Radiocarbon signatures of carbon phases exported by swiss rivers in the Anthropocene

Lateral carbon mobilization processes are particularly prone to anthropogenic perturbations due to human intervention of the land surface as well as aquatic corridors yet remain poorly constrained despite their importance as a key component of the C-cycle. A major source of this uncertainty involves processes modulating the sources and fate of carbon along the freshwater aquatic continuum.

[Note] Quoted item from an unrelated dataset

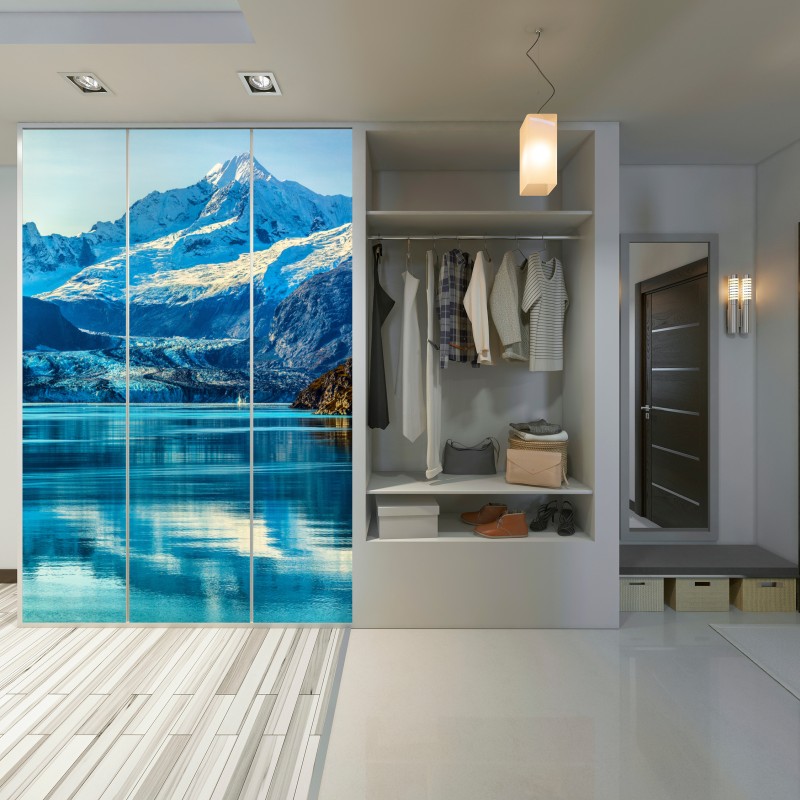 Schrankaufkleber majestätischer alpiner gletscher mit spiegelung – Wallnifity® Schrankaufkleber majestätischer alpiner gletscher mit spiegelung – Wallnifity®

This study examines the radiocarbon (14C) signatures of particulate and dissolved organic carbon (POC, DOC, respectively) and dissolved inorganic carbon (DIC) transported by Swiss rivers with a view to assessing controls on the origin and cycling of carbon within corresponding watersheds. Twenty-one rivers were selected that span a range of watershed properties and are monitored by the National Long-Term Surveillance of Swiss Rivers (NADUF) program, enabling radiocarbon data to be interpreted within a broader hydrological and geochemical context.  Samples were collected during high-flow conditions in summer 2021, a year of extreme rain events. Average discharge of our sample set (n=21) was 299.76 +/- 513.87 m³/s, while the annual average discharge of all stations was 184.90 ± 264.92 m³/s. The range of D14C values of POC was -158‰ to - 446‰ (n = 21), while corresponding ranges of  D14C values for DOC and DIC were - 43‰ to - 377‰ and - 40‰ to - 301‰, respectively, indicating the presence of pre-aged carbon in all three pools. Hydrological properties such as discharge, runoff and precipitation did not appear as major significant controlling factors. Except for DI14C where annual average runoff of the past decade showed a significant negative correlation. Instead, based on Multivariate Regression Analysis, “alpine” variables such as mean basin elevation, slope, and barren areas were negatively correlated with D¹⁴C values of all three D14C-phases, while rivers draining lower elevation terrain, where agricultural land-use is more extensive were associated with higher D¹⁴C values in -the organic carbon pools (POC, DOC). Repeated sampling under different hydrological conditions and associated 14C (and 13C) measurements are being used to provide additional insights into the controls on the amount and nature of carbon exported by Swiss rivers, the interconnectivity between different carbon pools within the corresponding drainage basins and ecoregions, as well as to predict long-term trends in the context of changing climate and anthropogenic forcing.